My mother was one of the first doctors to fight for abortion rights, a fight that is never over. In this week's New York magazine a feature article tells chillingly of many young women who are fervently anti abortion. I know which side Amelia was on. It wasn't an accident that she never had children, it's obvious she used birth control. If she had gotten pregnant, I seriously doubt she would have had the child. Children were not something she wanted. She wanted a place in a world full of men.

Yesterday I waited with the women, curiously quiet. Usually there's talk when women are together but not when we're waiting for results that will change our lives. My mother had breast cancer, and she chose surgery. She has lived cancer free for thirty years. Was she lucky? Was her cancer the sort that would never have killed her? These are questions that we're still asking, there are new arguments about the validity of these exams. I wonder if men were being exposed to radiation on a yearly basis if we would know so little. But then I think women's health has always come second to men's.

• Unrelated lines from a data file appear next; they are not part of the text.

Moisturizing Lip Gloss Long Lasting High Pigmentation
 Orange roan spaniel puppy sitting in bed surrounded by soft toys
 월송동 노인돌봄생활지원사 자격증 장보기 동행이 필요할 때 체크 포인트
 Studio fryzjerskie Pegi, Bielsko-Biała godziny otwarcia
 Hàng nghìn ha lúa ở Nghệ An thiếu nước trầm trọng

Amelia dressed like a man. She claimed it was easier to manage in the cockpit. I have worn pants most of my life. I believe it's easier to navigate the world and control the input. No male hands can work their way up through a pair of jeans. Sometimes you have to wear armor to make it through. Or be taken seriously. Amelia owned her body. And in all these years I have to wonder what has changed. So much, yet so little. We still fight over what should be a personal decision. Every woman should have the right to choose.